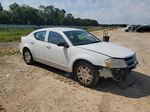 2014 Dodge Avenger Se White vin: 1C3CDZAB4EN195735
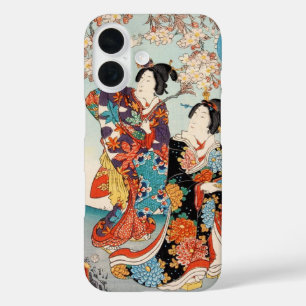 Coques iPhone 16 Japonaise vintage beauté geisha femme Maiko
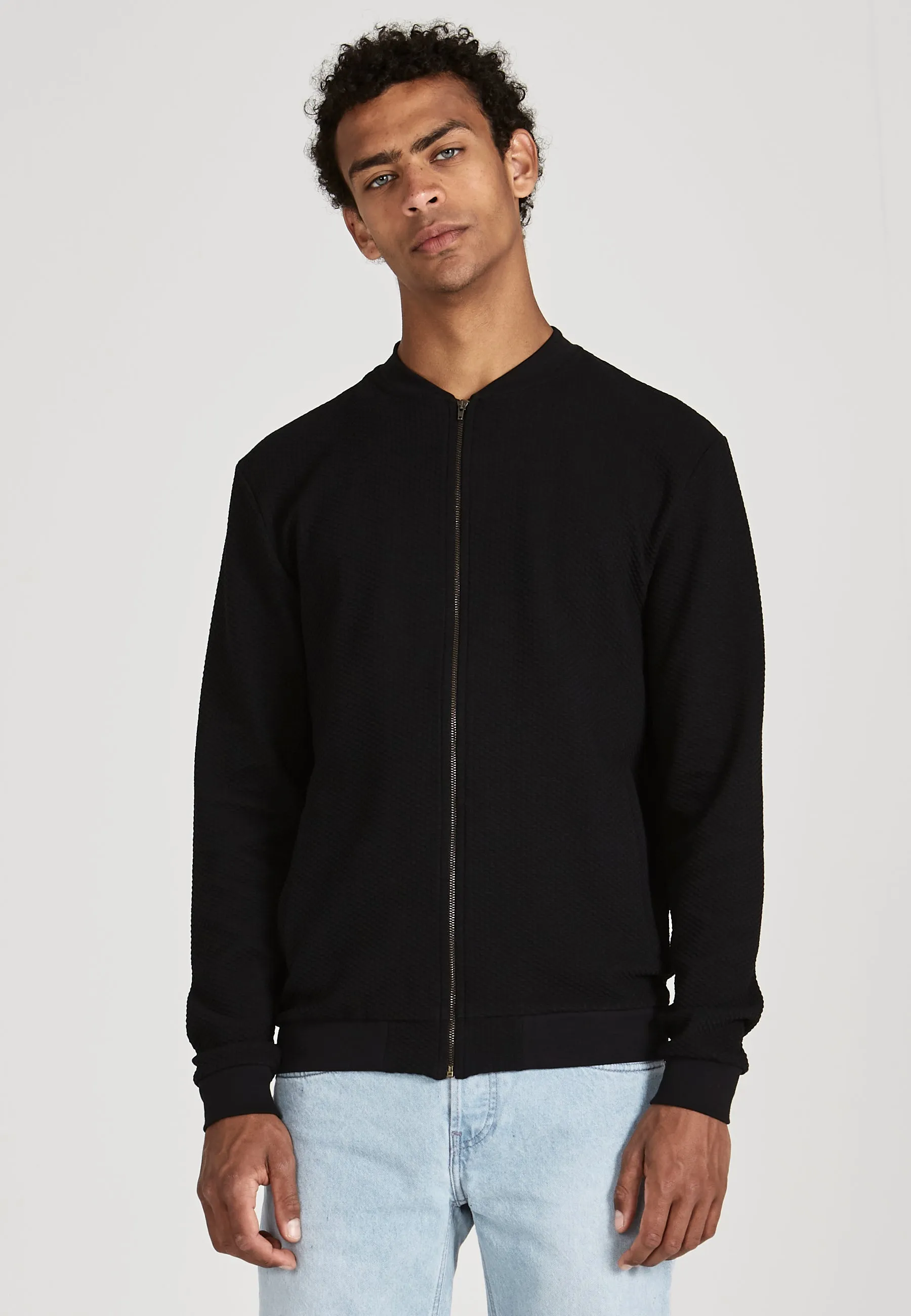 Blouson CARTER Biobaumwolle black waffle | Givn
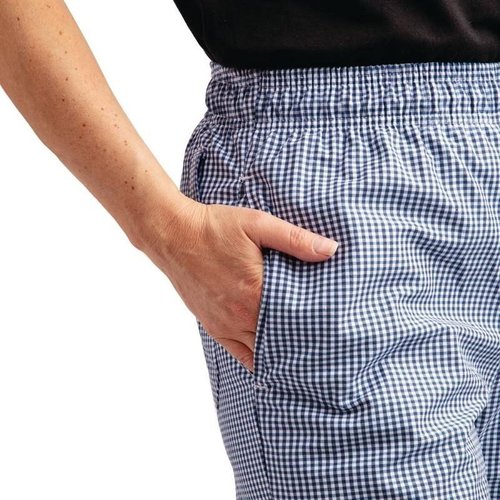Whites Chefs Clothing Whites Easyfit Trousers Teflon Blue Check XXL Whites Chefs Clothing Whites Easyfit Trousers Teflon Blue Check XXL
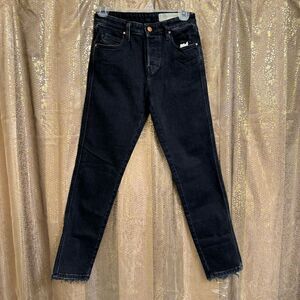 DIESEL Babhila 084NX Slim Skinny Dark Blue Black Women's Ankle Jeans W24/L32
•••
**Your goal:** Extract exactly the lines from the one containing "Blouson CARTER Biobaumwolle" through the last line of the records above, both included, and leave out the pictures.

**Task result:**
 Blouson CARTER Biobaumwolle black waffle | Givn
Whites Chefs Clothing Whites Easyfit Trousers Teflon Blue Check XXL Whites Chefs Clothing Whites Easyfit Trousers Teflon Blue Check XXL
 DIESEL Babhila 084NX Slim Skinny Dark Blue Black Women's Ankle Jeans W24/L32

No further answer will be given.